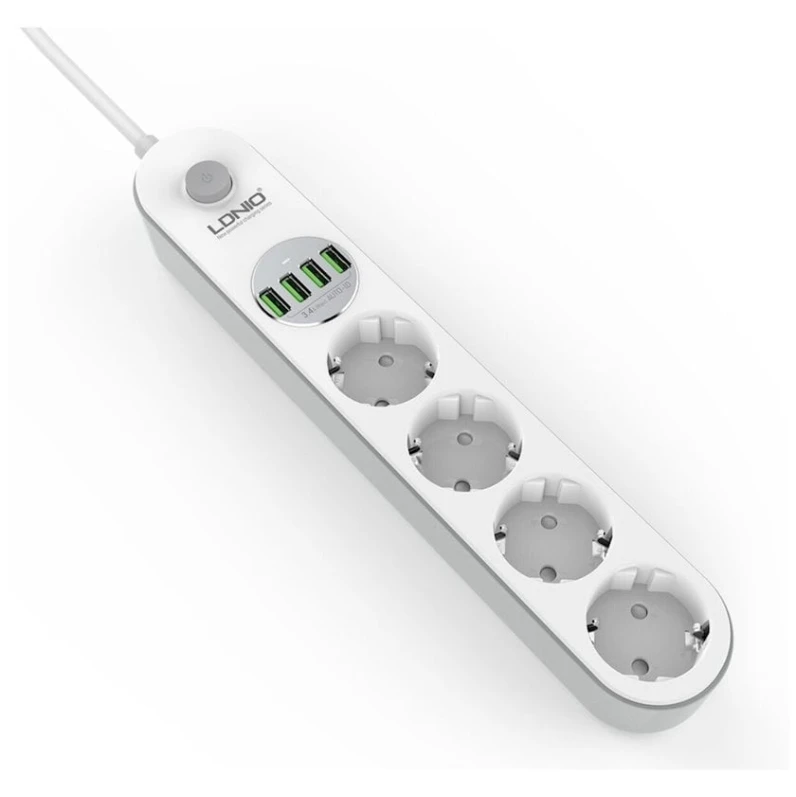 Сетевой фильтр LDNIO SE4432 2 м, 4-розеточный, Белый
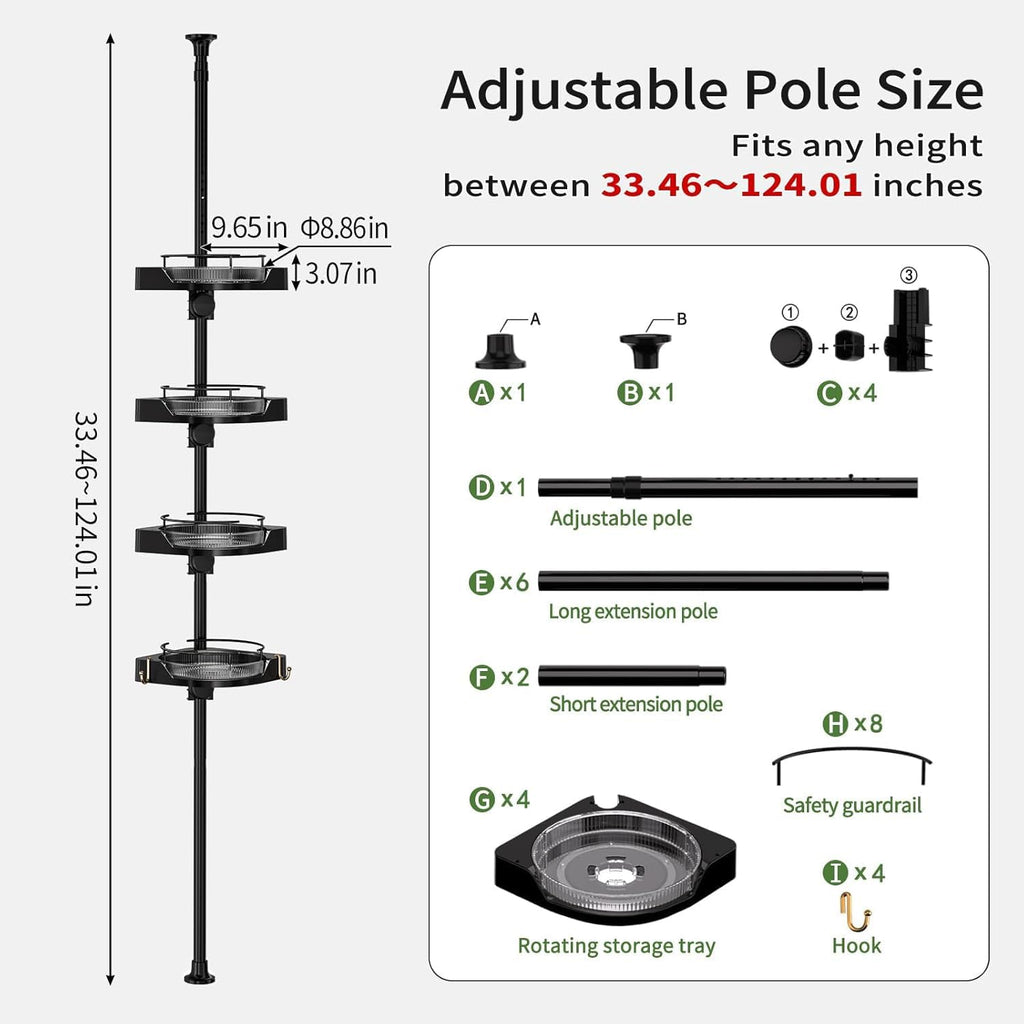 shuang qing 360° Rotating Corner Shower Caddy Tension Pole Organizer - 4-Tier Adjustable Rustproof Metal Pole, Plastic Shelves with Safety Guardrail, Bathroom Storage for Shower & Bathtub(Black)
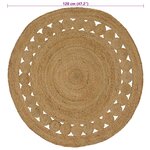 vidaXL Tapis de surface Naturel Ø 120 cm Jute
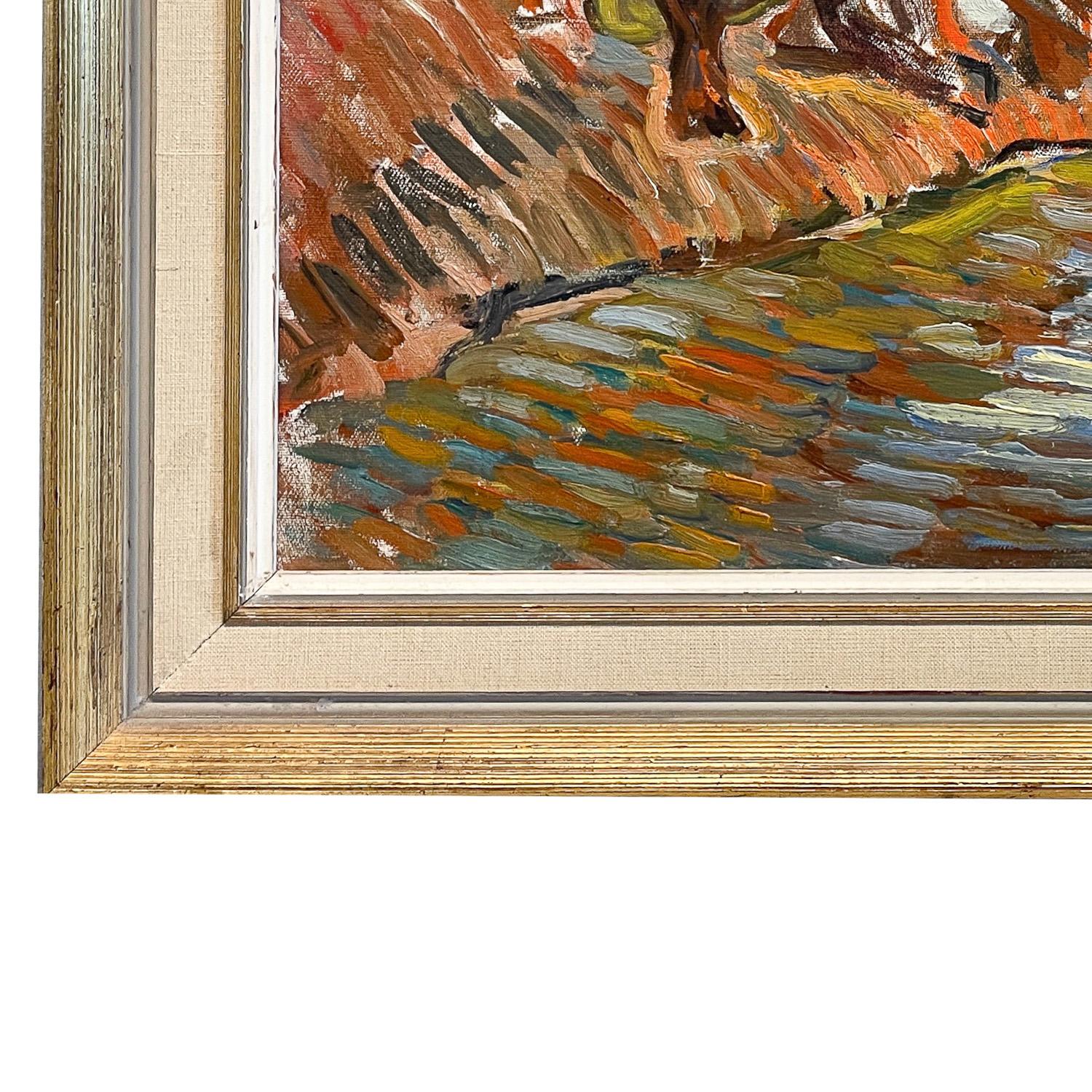 WPA Impressionista Paesaggio Figurativo Pittura ad olio Pannello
#####
:: EXERCISE REQUIREMENTS ::
Return, exactly as they stand, all of the lines above, but not the pictures.

:: TASK ANSWER ::
 Сетевой фильтр LDNIO SE4432 2 м, 4-розеточный, Белый
 shuang qing 360° Rotating Corner Shower Caddy Tension Pole Organizer - 4-Tier Adjustable Rustproof Metal Pole, Plastic Shelves with Safety Guardrail, Bathroom Storage for Shower & Bathtub(Black)
 vidaXL Tapis de surface Naturel Ø 120 cm Jute
 WPA Impressionista Paesaggio Figurativo Pittura ad olio Pannello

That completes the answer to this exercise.